Santa’s Little Apologist


Right on the edge of the Cliff Of Heaven sits the small hamlet of Last Ditch. Here live the Gods of Lost Causes. Doomed with each turn of the moon to once more plunge in to the abyss as the cliff crumbles beneath them. The next weeks see their re-constituted forms drifting from the Mists of Defiance to build again their hovels of forlorn hope either side of the undrinkable waters of the Stub Bourne. Sometimes the other gods will break the tedium of eternity by going down to try and save the inhabitants, begging them to leave while they can. It is of no avail. The hands that reach across the cracking earth, though stretched for, go unclasped. The rope that is thrown as the rocks break away goes un-grasped. They are not rich gods, their worshippers, often newly converted, by definition have nothing to give and much to ask. Although their prayers are fervent enough to make their deities solid and well formed, their inherent pessimism does not empower the mythical symbols of their plight to actually come to their rescue. Besides which, like most gods, they have problems of their own.

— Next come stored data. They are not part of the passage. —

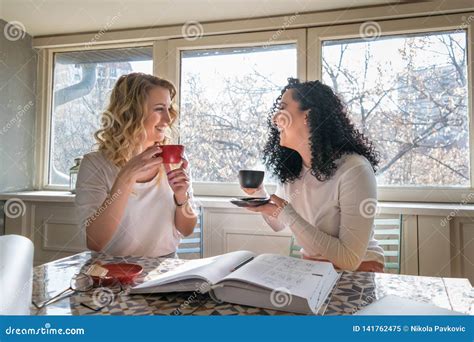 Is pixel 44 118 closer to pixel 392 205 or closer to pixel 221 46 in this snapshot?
pixel 221 46

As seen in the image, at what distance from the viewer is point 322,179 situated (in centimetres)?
124

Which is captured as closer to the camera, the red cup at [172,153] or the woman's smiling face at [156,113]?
the red cup at [172,153]

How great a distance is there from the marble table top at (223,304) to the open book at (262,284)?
0.01 meters

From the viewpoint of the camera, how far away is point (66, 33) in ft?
7.87

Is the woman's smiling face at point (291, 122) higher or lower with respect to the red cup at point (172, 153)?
higher

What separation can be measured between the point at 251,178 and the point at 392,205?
3.00 ft

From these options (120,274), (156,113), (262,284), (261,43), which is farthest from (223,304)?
(261,43)

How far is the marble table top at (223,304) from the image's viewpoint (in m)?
0.59

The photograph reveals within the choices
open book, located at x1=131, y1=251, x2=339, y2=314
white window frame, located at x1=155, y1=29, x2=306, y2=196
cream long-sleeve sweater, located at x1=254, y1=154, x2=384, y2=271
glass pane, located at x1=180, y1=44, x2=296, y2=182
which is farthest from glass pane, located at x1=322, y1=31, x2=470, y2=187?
open book, located at x1=131, y1=251, x2=339, y2=314

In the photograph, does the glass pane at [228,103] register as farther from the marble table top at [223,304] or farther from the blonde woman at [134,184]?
the marble table top at [223,304]

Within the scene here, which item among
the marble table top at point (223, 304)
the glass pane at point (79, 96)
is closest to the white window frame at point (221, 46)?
the glass pane at point (79, 96)

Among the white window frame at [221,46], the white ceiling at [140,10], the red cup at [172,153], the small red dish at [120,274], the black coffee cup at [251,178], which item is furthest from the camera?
the white window frame at [221,46]

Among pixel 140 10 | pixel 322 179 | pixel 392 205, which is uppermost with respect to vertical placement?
pixel 140 10

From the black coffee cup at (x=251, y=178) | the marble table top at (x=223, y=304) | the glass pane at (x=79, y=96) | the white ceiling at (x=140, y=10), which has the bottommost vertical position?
the marble table top at (x=223, y=304) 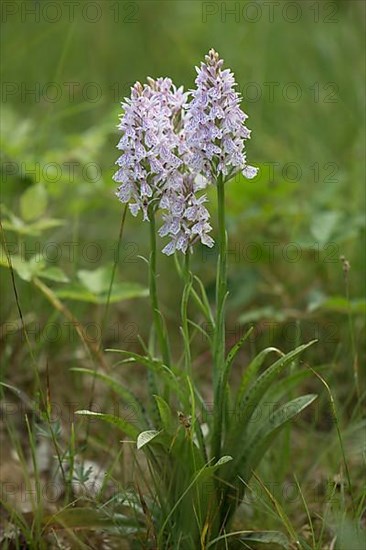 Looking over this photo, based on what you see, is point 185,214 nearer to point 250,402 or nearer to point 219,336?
point 219,336

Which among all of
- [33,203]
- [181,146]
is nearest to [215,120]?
[181,146]

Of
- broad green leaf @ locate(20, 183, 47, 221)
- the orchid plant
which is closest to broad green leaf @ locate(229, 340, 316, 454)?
the orchid plant

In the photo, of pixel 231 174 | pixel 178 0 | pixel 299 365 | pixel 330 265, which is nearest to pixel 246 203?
pixel 330 265

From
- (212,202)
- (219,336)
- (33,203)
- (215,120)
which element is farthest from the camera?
(212,202)

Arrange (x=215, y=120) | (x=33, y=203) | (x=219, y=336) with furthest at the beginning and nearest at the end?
(x=33, y=203) → (x=219, y=336) → (x=215, y=120)

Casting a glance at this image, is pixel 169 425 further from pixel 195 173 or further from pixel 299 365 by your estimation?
pixel 299 365

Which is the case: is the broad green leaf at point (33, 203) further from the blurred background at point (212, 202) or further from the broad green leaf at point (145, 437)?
the broad green leaf at point (145, 437) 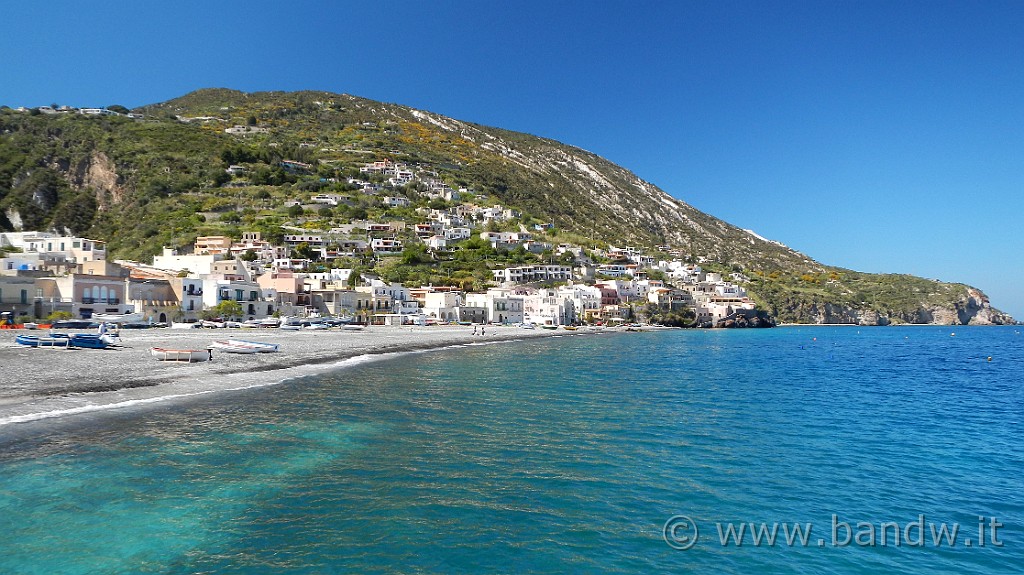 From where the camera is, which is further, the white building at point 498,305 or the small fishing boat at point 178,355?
the white building at point 498,305

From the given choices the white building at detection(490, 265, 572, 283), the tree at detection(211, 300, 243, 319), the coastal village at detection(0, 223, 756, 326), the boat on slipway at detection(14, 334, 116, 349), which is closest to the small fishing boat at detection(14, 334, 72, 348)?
the boat on slipway at detection(14, 334, 116, 349)

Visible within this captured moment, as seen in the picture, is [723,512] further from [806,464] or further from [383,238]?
[383,238]

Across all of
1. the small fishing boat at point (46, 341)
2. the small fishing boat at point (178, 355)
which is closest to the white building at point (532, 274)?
the small fishing boat at point (178, 355)

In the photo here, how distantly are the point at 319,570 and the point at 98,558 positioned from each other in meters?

With great power comes great responsibility, which makes your average immortal pretty busy. Think how big the Met Office is, how many people it takes to work out what is likely to happen with the amazingly complex business of predicting the weather. Now think about how much more hard work is involved in making the weather! Very few celestial beings have only one area of duty, usually seeing to a portfolio of natural and human activities which can be as diverse as irrigation, textile production and the beach tree. Most of them have some part to play in the battle between good and evil, Odin being famously hard at work building an army to take on the giants, thieves and monsters at the final battle.

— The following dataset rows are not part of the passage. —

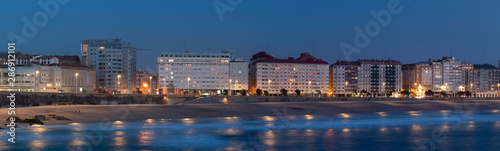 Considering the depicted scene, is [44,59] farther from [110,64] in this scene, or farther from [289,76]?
[289,76]

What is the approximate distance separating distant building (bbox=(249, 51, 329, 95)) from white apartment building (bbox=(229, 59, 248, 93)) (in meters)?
5.63

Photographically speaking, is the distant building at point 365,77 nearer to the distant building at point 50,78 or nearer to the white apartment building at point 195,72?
the white apartment building at point 195,72

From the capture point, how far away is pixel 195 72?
16062 cm

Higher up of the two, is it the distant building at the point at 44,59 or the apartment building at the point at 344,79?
the distant building at the point at 44,59

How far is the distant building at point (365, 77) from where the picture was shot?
188125 millimetres

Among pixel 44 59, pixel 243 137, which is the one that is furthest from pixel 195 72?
pixel 243 137

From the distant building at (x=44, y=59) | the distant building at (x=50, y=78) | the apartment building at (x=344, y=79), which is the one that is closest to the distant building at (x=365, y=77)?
the apartment building at (x=344, y=79)

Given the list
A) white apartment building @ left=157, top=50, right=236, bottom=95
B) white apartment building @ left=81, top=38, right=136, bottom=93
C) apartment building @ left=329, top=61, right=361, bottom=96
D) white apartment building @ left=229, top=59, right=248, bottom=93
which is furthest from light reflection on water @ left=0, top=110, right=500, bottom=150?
apartment building @ left=329, top=61, right=361, bottom=96

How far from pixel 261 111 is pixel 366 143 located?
136ft

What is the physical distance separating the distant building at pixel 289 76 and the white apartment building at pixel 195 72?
37.5 ft

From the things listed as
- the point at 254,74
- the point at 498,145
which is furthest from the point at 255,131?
the point at 254,74

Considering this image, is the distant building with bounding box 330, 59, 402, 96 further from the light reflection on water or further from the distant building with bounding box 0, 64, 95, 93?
the light reflection on water

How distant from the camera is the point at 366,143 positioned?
119 ft

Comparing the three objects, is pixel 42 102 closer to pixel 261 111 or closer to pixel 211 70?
pixel 261 111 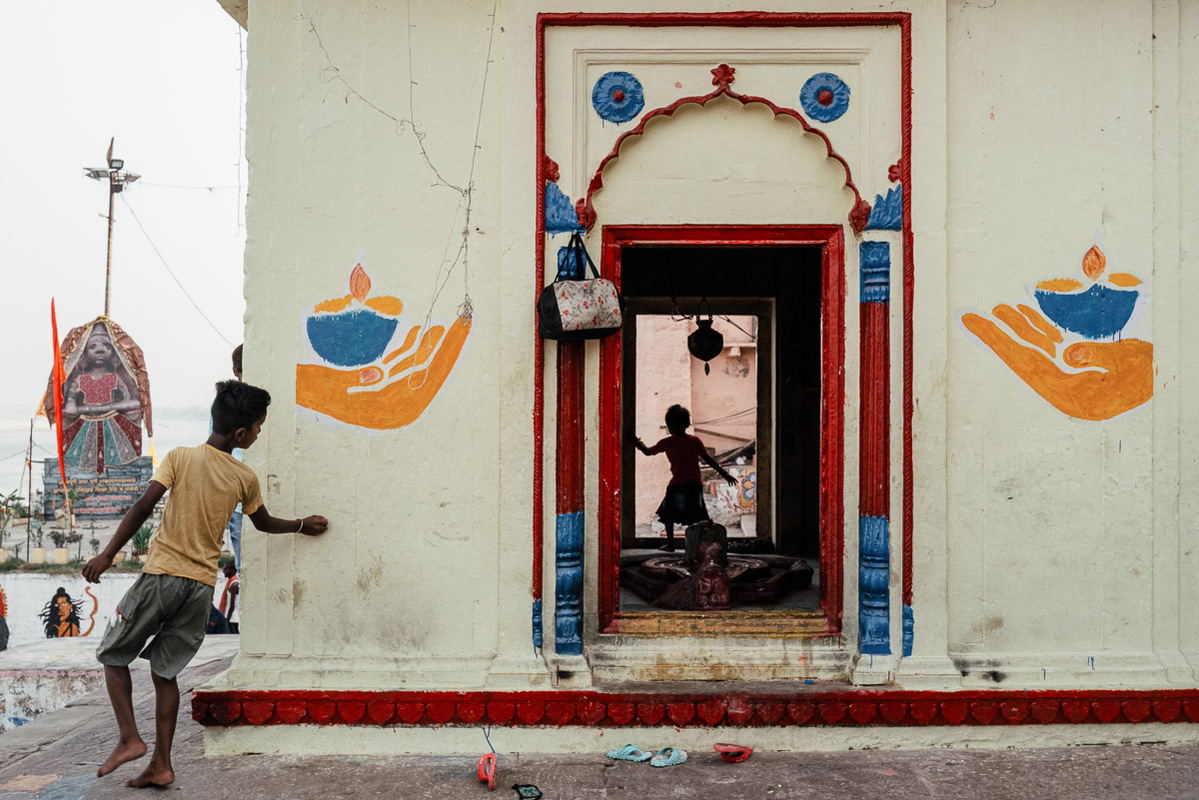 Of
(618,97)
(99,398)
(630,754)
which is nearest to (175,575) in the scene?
(630,754)

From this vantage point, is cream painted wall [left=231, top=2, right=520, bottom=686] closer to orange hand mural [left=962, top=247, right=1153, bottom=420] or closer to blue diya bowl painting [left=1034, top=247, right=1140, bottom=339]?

As we approach the worldwide annual festival of god bothering, in which solar deities are begged to return, storm gods are begged to hold off, sky gods to bring snow – but only the pretty sort and only for a couple of days and can it be lovely for the rest of the year please? The god of Abraham is entreated to bring peace to the world by the three most heavily armed religions on the planet, and the god of presents receives his annual tall order.

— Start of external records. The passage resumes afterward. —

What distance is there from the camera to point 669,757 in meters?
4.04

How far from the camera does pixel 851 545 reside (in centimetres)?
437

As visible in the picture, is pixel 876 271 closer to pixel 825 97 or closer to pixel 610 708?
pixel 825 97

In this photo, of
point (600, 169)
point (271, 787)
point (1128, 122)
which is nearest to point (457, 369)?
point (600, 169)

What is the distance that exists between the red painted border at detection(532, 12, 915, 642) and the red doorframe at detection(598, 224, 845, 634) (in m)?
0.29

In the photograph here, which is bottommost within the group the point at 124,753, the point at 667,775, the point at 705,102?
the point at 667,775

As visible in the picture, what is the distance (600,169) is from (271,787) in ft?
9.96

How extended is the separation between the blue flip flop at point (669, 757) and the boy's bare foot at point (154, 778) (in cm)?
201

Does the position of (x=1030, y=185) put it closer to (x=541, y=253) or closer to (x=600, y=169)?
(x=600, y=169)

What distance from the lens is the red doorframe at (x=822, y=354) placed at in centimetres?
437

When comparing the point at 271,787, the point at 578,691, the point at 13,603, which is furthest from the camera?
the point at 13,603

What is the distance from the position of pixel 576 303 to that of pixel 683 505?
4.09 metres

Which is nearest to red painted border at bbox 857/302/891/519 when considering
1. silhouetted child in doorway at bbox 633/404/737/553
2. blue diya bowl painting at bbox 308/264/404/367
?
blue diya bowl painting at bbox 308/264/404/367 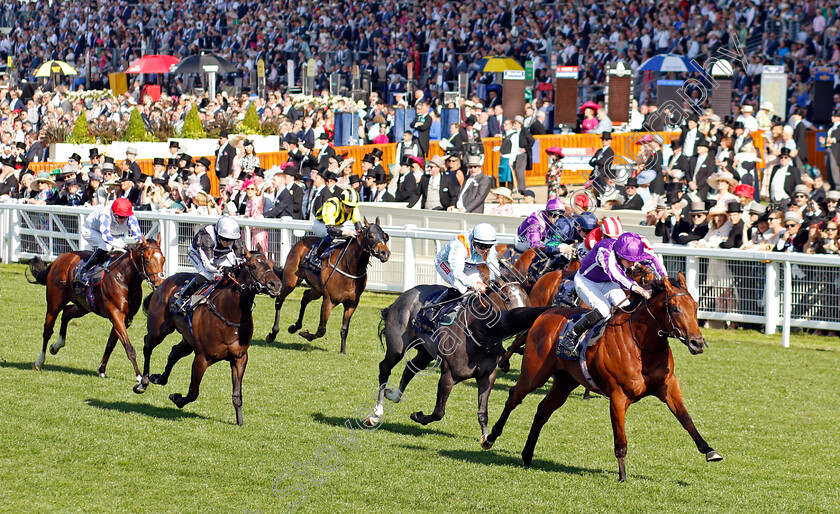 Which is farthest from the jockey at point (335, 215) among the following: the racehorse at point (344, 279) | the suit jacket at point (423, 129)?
the suit jacket at point (423, 129)

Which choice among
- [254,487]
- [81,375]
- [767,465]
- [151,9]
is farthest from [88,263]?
[151,9]

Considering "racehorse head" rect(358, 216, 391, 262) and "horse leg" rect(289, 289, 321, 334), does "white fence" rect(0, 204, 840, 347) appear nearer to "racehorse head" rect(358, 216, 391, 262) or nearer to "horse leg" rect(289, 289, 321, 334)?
"horse leg" rect(289, 289, 321, 334)

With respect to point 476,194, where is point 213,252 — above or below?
below

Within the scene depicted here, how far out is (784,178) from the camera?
18.3m

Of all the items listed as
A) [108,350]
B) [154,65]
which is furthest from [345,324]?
[154,65]

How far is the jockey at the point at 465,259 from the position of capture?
962 centimetres

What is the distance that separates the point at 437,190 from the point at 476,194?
33.1 inches

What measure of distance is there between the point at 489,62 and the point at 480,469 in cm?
2231

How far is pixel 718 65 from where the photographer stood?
2131cm

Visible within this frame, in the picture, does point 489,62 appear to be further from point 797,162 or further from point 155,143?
point 797,162

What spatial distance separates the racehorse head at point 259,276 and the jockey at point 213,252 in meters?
0.63

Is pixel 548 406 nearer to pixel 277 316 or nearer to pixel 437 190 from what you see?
pixel 277 316

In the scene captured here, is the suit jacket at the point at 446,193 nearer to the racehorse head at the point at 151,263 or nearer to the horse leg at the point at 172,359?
the racehorse head at the point at 151,263

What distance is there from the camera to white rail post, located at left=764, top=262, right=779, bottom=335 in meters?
13.4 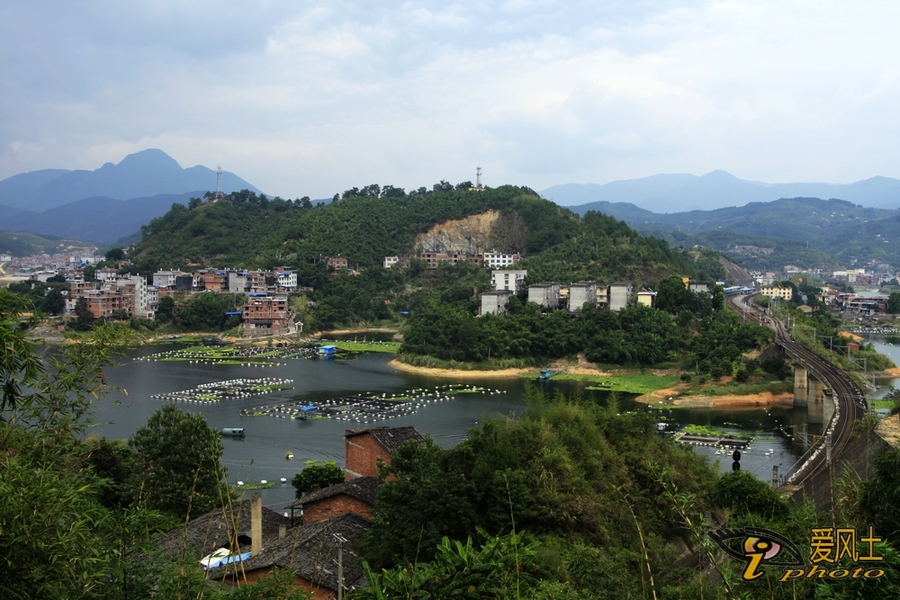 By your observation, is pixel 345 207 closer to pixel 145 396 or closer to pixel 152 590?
pixel 145 396

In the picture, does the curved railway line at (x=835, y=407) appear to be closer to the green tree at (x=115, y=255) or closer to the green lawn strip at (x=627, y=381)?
the green lawn strip at (x=627, y=381)

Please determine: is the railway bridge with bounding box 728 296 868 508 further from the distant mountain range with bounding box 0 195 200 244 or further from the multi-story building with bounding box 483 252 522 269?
the distant mountain range with bounding box 0 195 200 244

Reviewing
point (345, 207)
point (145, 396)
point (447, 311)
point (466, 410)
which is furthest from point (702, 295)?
point (345, 207)

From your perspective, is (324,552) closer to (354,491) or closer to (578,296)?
(354,491)

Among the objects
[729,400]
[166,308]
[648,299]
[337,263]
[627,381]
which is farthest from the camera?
[337,263]

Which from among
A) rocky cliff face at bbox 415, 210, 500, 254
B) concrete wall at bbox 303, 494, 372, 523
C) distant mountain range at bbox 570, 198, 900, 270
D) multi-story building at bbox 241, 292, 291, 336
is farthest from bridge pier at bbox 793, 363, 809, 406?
distant mountain range at bbox 570, 198, 900, 270

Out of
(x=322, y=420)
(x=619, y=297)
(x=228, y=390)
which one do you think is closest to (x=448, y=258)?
(x=619, y=297)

Come December the 25 Santa will have 80 million more presents to deliver than he had last year and a whole heap of requests from confused children asking him to take away their little siblings, for their estranged parents to be reunited and/or their dead gerbil to be alive again. Whatever you have asked for, there is chance Father Christmas will turn up with something else. If he does please cut him some slack, he’s got as lot of stuff going on.